KOROPAK.CO.ID – Dr. Saharjo, S.H., yang lahir di Surakarta pada 26 Juni 1909, adalah sosok pilar dalam sejarah hukum Indonesia, yang mencerminkan dedikasi dan reformasi di tengah dinamika hukum negara yang berkembang.
Putra dari seorang abdi dalem Keraton Surakarta bernama R. Ngabei Sastroprayitno, Saharjo tumbuh dalam lingkungan yang menghargai nilai tradisi dan tanggung jawab.
Awalnya bercita-cita menjadi dokter, Saharjo muda sempat mengenyam pendidikan di STOVIA, sekolah kedokteran ternama. Namun, ia merasa panggilan hatinya lebih kuat ke bidang hukum.
Setelah meninggalkan STOVIA, ia melanjutkan pendidikan di AMS (sekolah setingkat SMA), dan mengawali langkahnya sebagai tenaga pengajar di Jakarta, di mana ia juga aktif di Partai Indonesia (Partindo).
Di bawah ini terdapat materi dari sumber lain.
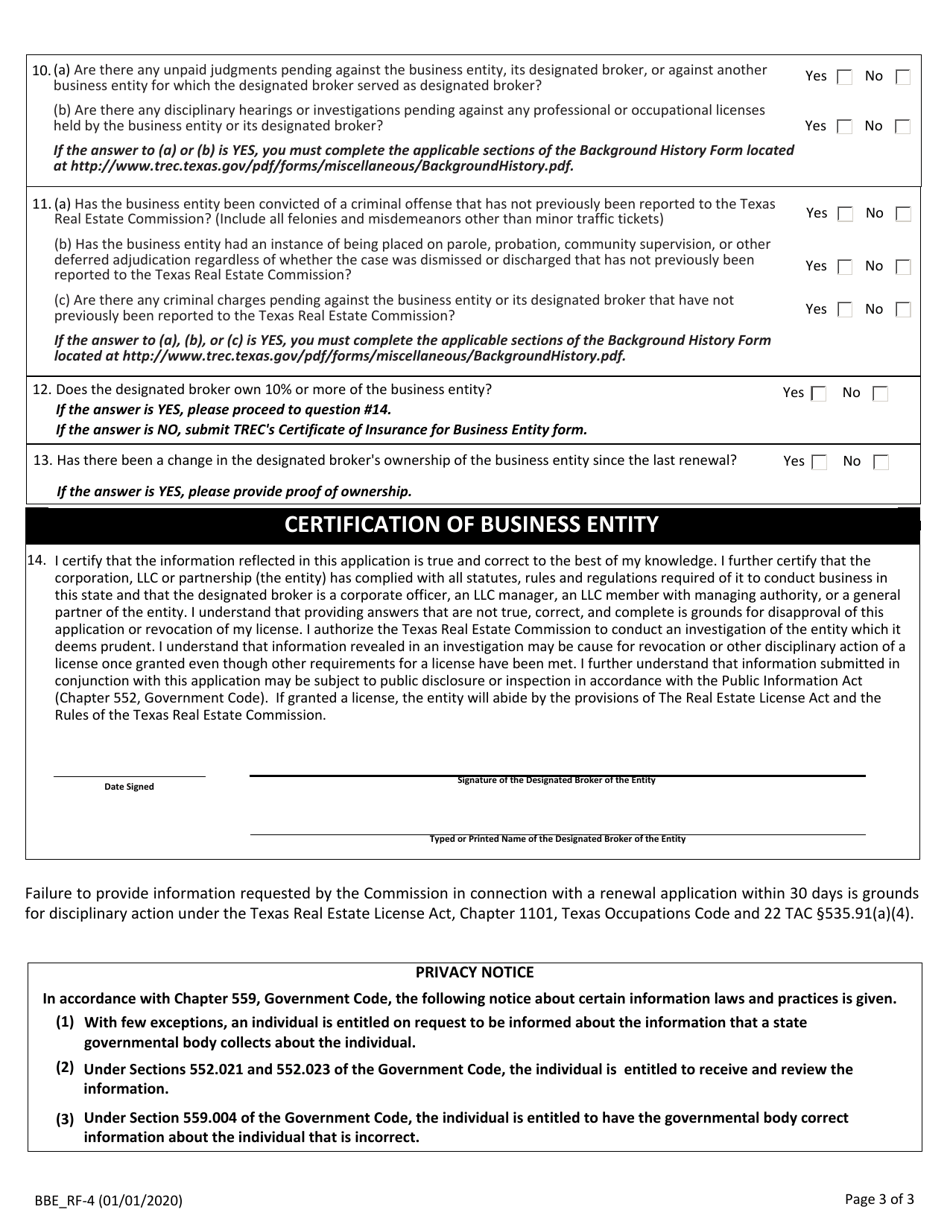 Form BBE_RF-4 Renewal of Business Entity Broker License -timely or Expired Less Than Six Months - Texas, Page 3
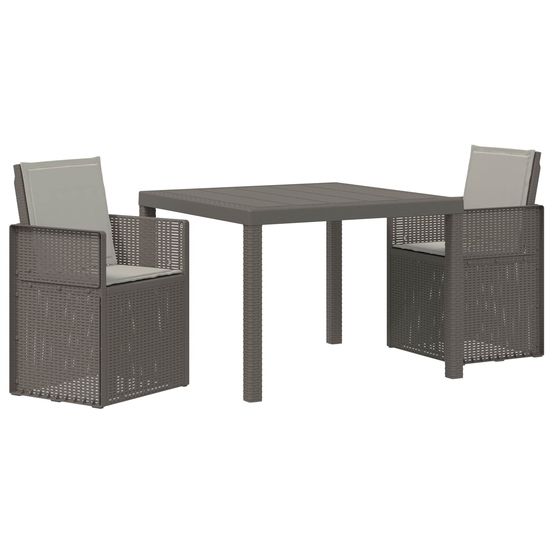 Ensemble de salle à manger pour jardin 3 pc gris clair pp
Ketika akhirnya Saharjo menuntaskan pendidikan hukum pada 1941, ia segera bergabung dengan Departemen Kehakiman, yang menjadi arena pengabdian dan inovasinya hingga akhir hayatnya.
Peran Saharjo semakin menonjol saat ia dipercaya sebagai Sekretaris Jenderal Departemen Kehakiman dan kemudian sebagai Menteri Kehakiman dalam Kabinet Kerja pada 1959 hingga 1962. Di sinilah, ia mencetuskan reformasi terminologi hukum yang lebih manusiawi dan merepresentasikan budaya Indonesia.
Baca: Mengenang Pantur Silaban, Fisikawan Pionir Relativitas Umum Indonesia
Misalnya, ia menggantikan istilah “penjara” menjadi “permasyarakatan” dan “terhukum” menjadi “narapidana.” Terminologi ini tidak hanya lebih lembut tetapi juga mengandung makna pembinaan.
Berkat perubahan ini, lembaga penahanan di Indonesia kini dikenal dengan nama “Lembaga Permasyarakatan” (Lapas).
Selain itu, Saharjo juga mengubah lambang hukum Indonesia yang sebelumnya diwakili oleh Dewi Themis, sosok mitologis Yunani yang dianggapnya kurang mencerminkan kepribadian bangsa Indonesia.
Sebagai gantinya, ia memilih pohon beringin sebagai simbol hukum—sebuah pohon yang melambangkan keteduhan, perlindungan, dan keadilan yang menyeluruh.
Perjalanan hidup Dr. Saharjo berakhir pada 13 November 1963 akibat pendarahan otak di usia 54 tahun. Kendati singkat, warisan intelektual dan visi humanisnya dalam hukum tetap abadi, menjadikannya tokoh yang tak terlupakan dalam sejarah hukum di Indonesia.